National Association of Realtors Q4 2011 Median Sales Summary
On February 9, 2012, the National Association of Realtors (NAR) released their median sales price indices of homes for metropolitan areas. The NAR saw declines from Q3 2011 to Q4 2011 in 131 of 149 major metropolitan areas measured. Below are some statistics from the data:
- Average Change Q3 2011 to Q4 2011: -4.6%.
- Average Change Q4 2010 to Q4 2011: -4.3%
- Winners Q3 2011 to Q4 2011: Yakima, WA (+18.4%), Cape Coral-Fort Myers, FL (+8.5%)
- Losers Q3 2011 to Q4 2011: According to the NAR, 18 major metros dropped more than 10%. The top five were Detroit-Warren-Livonia, MI (-23.6%), Bridgeport-Stamford-Norwalk, CT (-20.6%), Trenton-Ewing, NJ (-16.7%), Newark-Union, NJ-PA (-16.1%) and South Bend-Mishawaka, IN (-15.5%)

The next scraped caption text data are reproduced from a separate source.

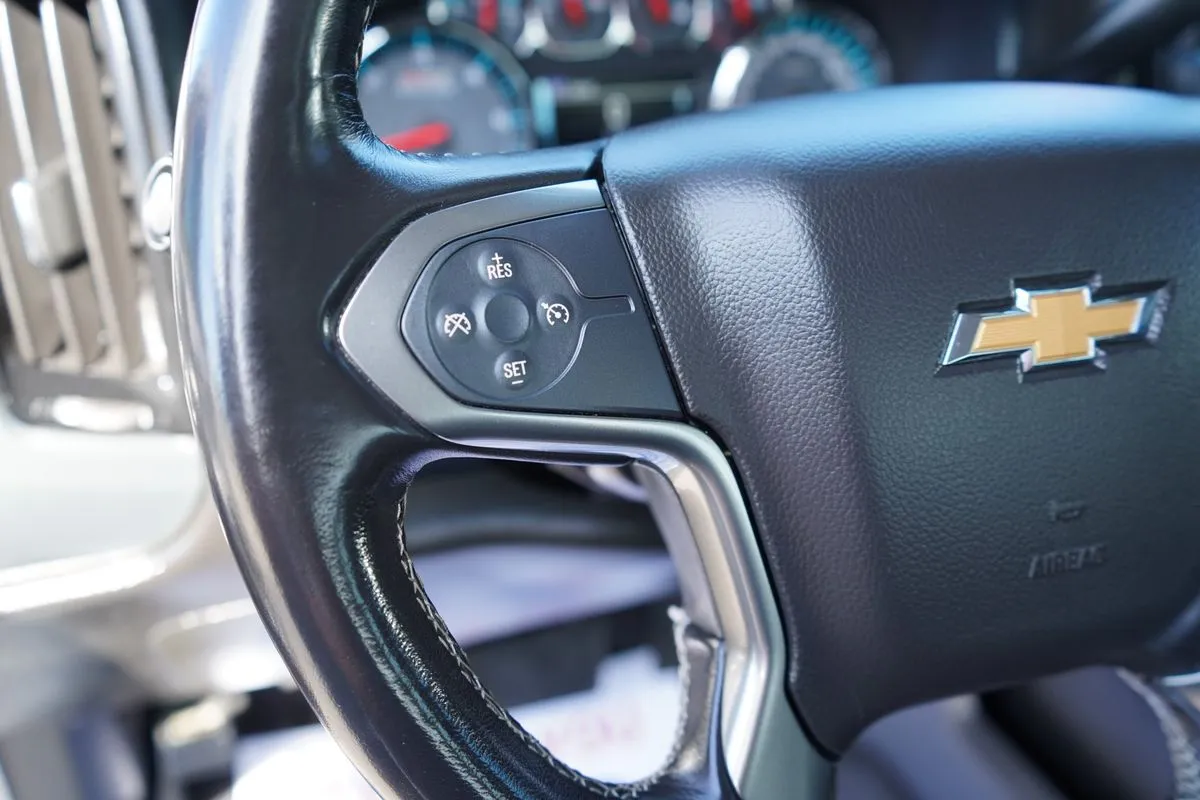 Chevrolet Silverado photo 39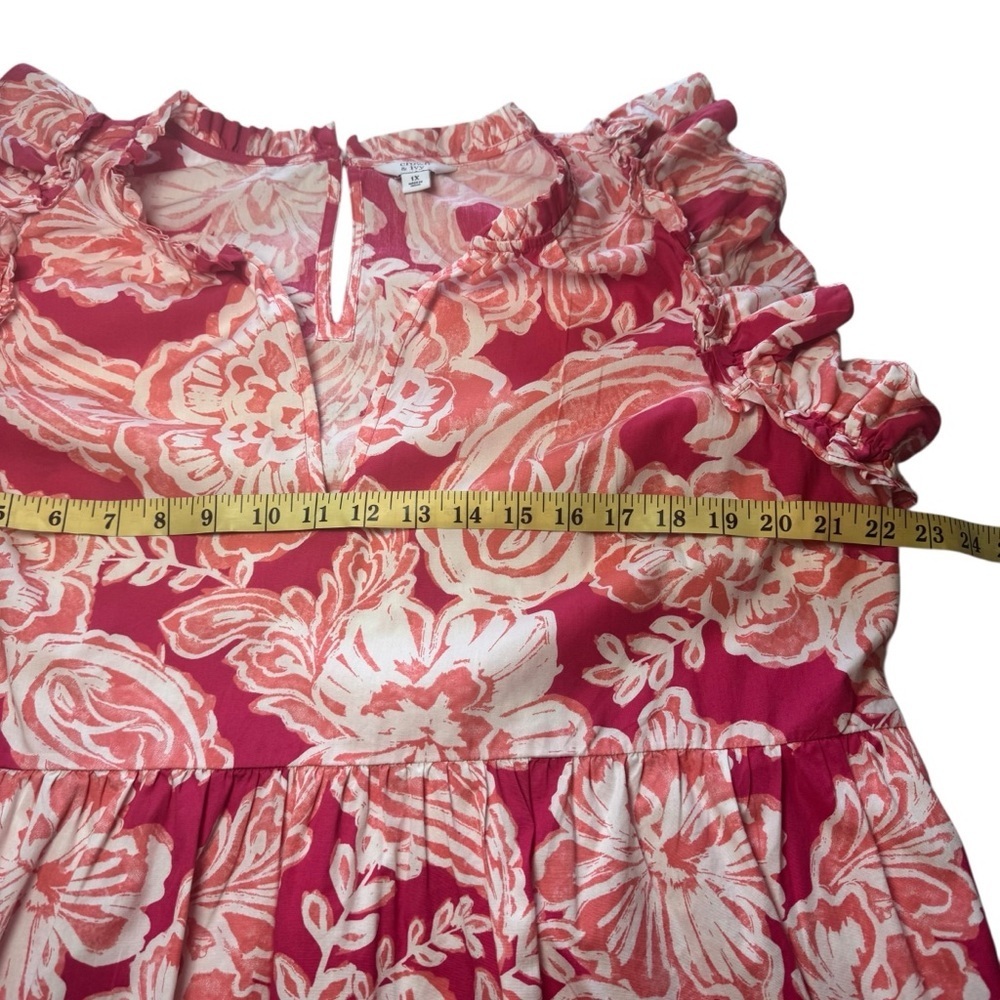 Crown & Ivy Coral and White Paisley Floral Flutter Sleeve Mini 1X Dress - Picture 6 of 8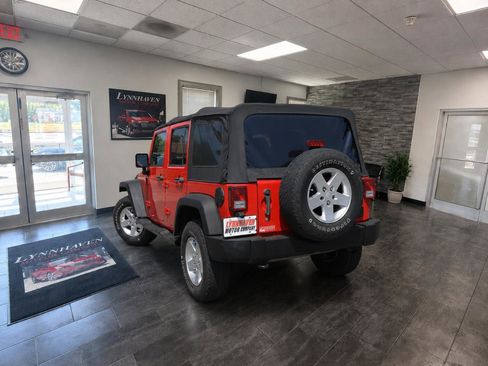 Used 2015 Jeep Wrangler Unlimited Sport w/ Quick Order Package 24S AWD/4WD image 6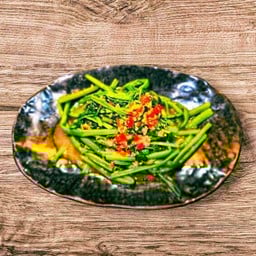 ผัดผักบุ้งไฟแดง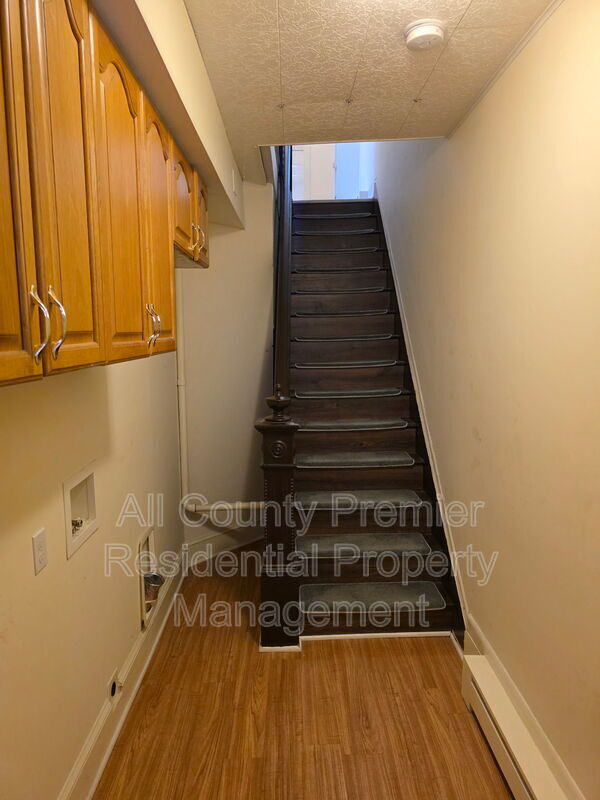Building Photo - 4 Henshaw Ct
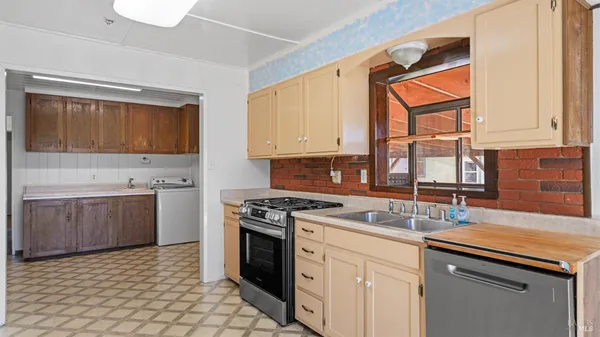 $475,000 | 324 Hamilton Drive, Fairfield, CA 94533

- Winners Q4 2010 to Q4 2011: Cape Coral-Fort Myers, FL (+25.6%), Abilene, TX (+16.0%), Yakima, WA (+11.4%), Kankakee-Bradley, IL (+10.0%) and Grand Rapids, MI (+9.8%)
- Losers Q4 2010 to Q4 2011: According to the NAR, 29 major metros dropped more than 10% on the year. The top five were Boise City-Nampa, ID (-20.2%), Binghamton, NY (-19.4%), Allentown-Bethlehem-Easton, PA-NJ (-17.8%), Atlanta-Sandy Springs-Marietta, GA (-17.0%) and Springfield, MO (-15.6%)
To avoid setting myself up for failure I’m going to shy away from making a comment like “Keep your head up, because it can’t possibly get any worse.” What I will say is that the unemployment rate is making some sharp moves in the right direction and consumer confidence appears to be improving, at least in the short term. It would make sense that there would be a lag between these improving trends and consumers decisions to buy a house.
Don’t set yourself up for failure either. Continue to monitor the trends in markets where you have heavy real estate concentrations and consider the need to make changes to your lending policies based on what’s happening in your market.